At the wine school, in general, we learn about all sorts of alcoholic beverages, but of course wine is the major thing we study and our textbook covers wines from all over the world. Wines from France take up about half of the book and wines from Italy consume much of the volume as well. Recently, we finished studying the wines from both of these countries and that was, sort of, the heavy lifting part of the course. Yet there are still many wines from other regions of the world to cover and, unfortunately, I am starting to feel not as focused as I used to be. I'm not alone in this feeling as many of my classmates feel the same way.
The other day, the wine school held a get-together and there were a few faces at the party that I recognized from my wine class. The ambience of the class is getting much more relaxed and nicer as the course progresses and we all get to know each other better.
A shot from the wine school's get-to-gether party. Every member who attended the party brought a bottle of wine and by the time the party was over all of the wine was gone.
There are many reasons why I like the Tasaki Shinya Wine School, but what makes me feel like I made a good choice in picking this school is that the teachers keep encouraging us. They keep telling us we are doing great and can do better. This attitude really helps lift our minds and spirits, especially now that our ability to focus is starting to wane. I guess I can't say this is true for the A students, but it's certainly true for me.

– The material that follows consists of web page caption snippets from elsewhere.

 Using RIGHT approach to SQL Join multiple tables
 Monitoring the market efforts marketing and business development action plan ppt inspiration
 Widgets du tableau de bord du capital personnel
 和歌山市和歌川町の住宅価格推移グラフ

I and a few others scored poorly on the recap test for the Italian wines last week, but our teacher kept cheering us on saying that making mistakes helps us to remember better. That motivated me to review the Italian wines more carefully and not to give up on the section. I realize that this course is designed to introduce us to a broad range of wines from all over the world and that in order to become a true expert I will need to work at this subject for many years to come. What really encourages me is to know that no one is born a wine expert. This is a subject and a skill that can be learned and if you keep working at it you keep getting better and better at it.

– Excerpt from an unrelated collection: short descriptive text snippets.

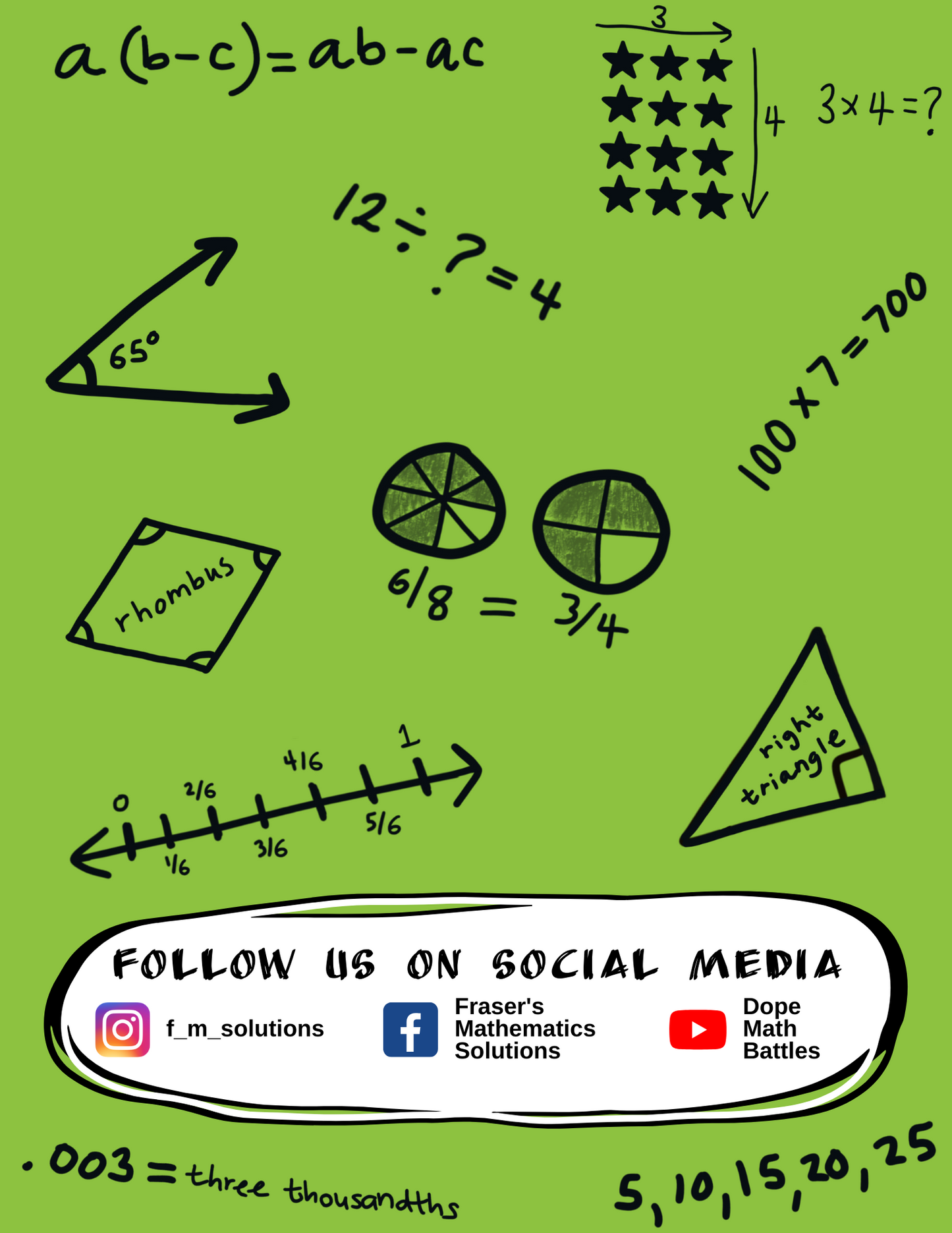 Limelight: Grade 4 - Dope Math Notebook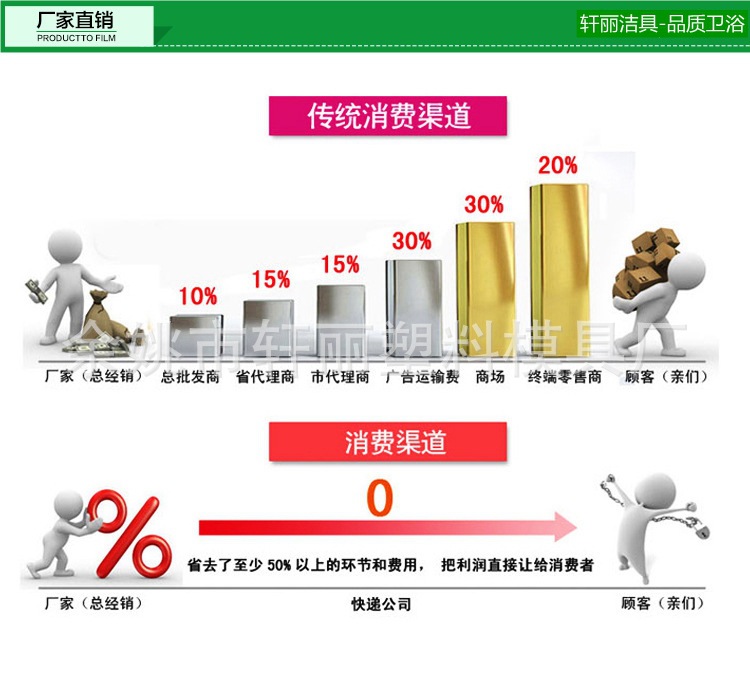 厂家
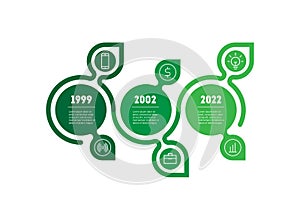 Development and growth of the eco business. Timeline of trends. Business concept with 3 parts, steps or points. Horizontal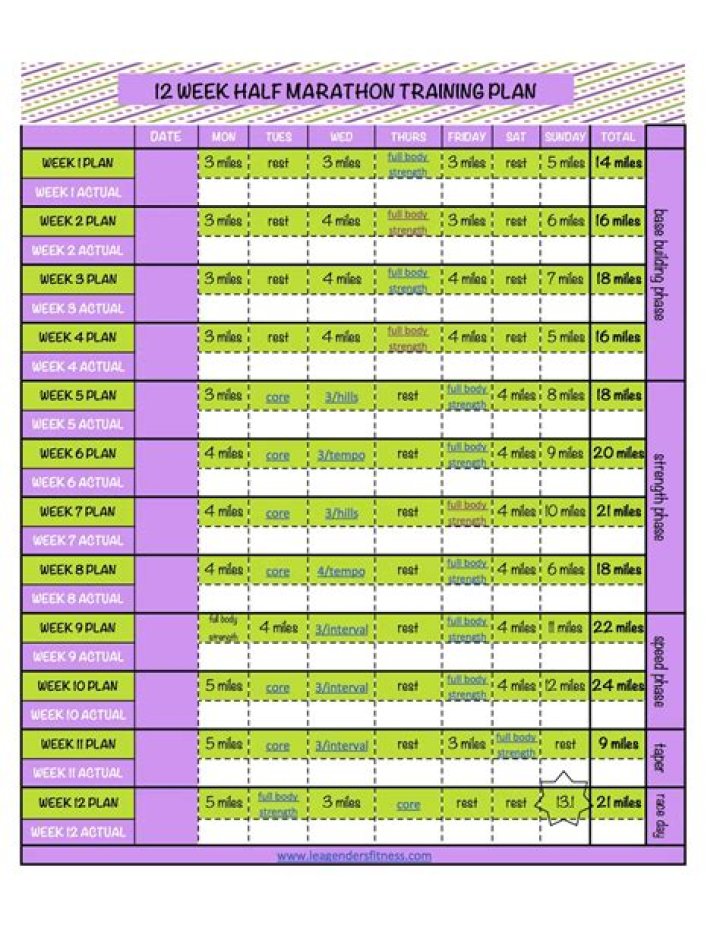 12-Week Marathon Training Plan PDF: Train Smart, Run Faster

Our teacher also keeps telling us that our level of knowledge about French and Italian wines currently exceeds that of most native French and Italian people. He says that natives usually don't know as many details about their wines as we do.
Being born a curious person, I needed to confirm that this statement was true, so I gave my French and Italian friends a little quiz the other day. It was true that they didn't know as many details about the wine making process and many other small matters, but they were both born and raised in wine making countries and their experiences with their wines are far deeper than my few months study. The bright side of this story is that now I can talk more intelligently and accurately about wine with both of them and I like that!

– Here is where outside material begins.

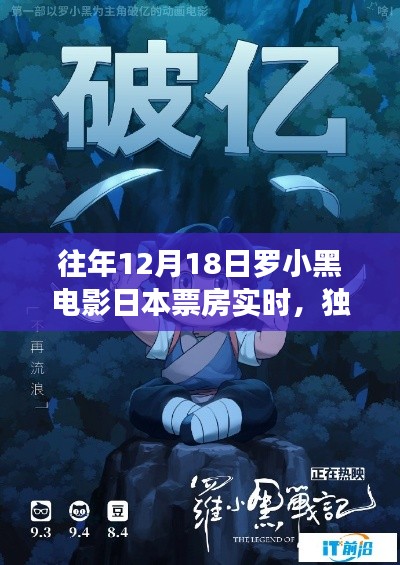獨家揭秘，往年12月18日羅小黑電影日本票房實時盛況，電影魅力一覽無余！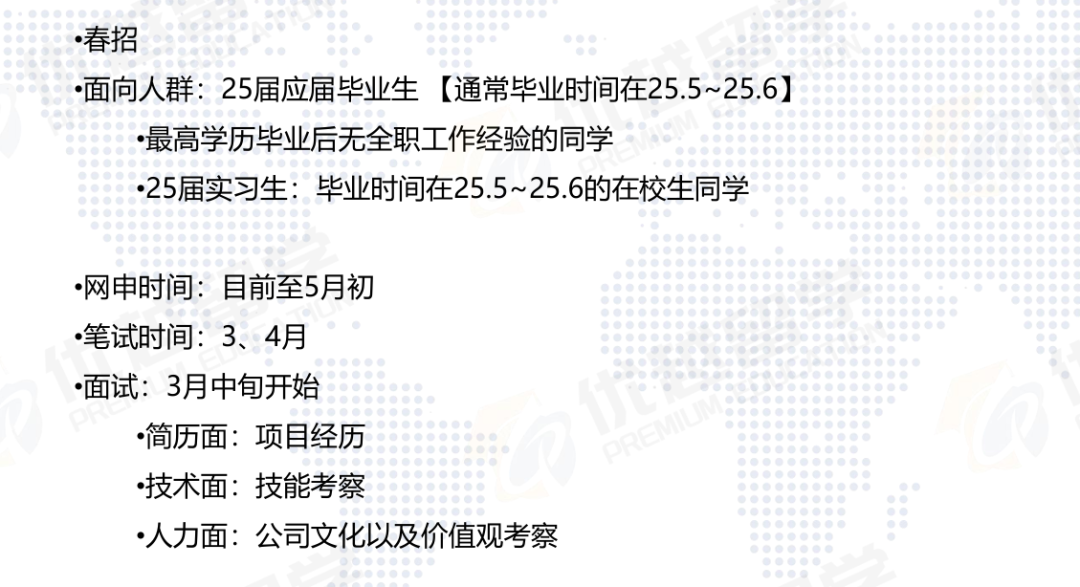 【机构干货】 经济学专业就业方向与职业规划干货指南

An interesting thing I noticed by throwing questions at my foreign friends, was that both of them had no interest in the wines from the other person's country, only interest and knowledge about wines from their own countries. My French friend laughed through his nose and said that Italian wines are not delicate or elegant, so they are not worth drinking. The Italian said that the French have no creativity and have just stolen the Italian wine making techniques over the years and copied them. Both admitted they hardly ever drink imported wine. This made me glad that I'm in a course that covers so many regions and introduces us to so much of the what the world has to offer when it comes to wine.
I found my friends' perspectives on wine interesting but felt a bit sorry for them because last night I had a dry Riesling from Alsas France with grilled fish and will enjoy a Montepulciano d'Abruzzo from Italy with tonight's dinner pairing it with a soy sauce based dish of simmered meat with potatoes. I love living in Japan!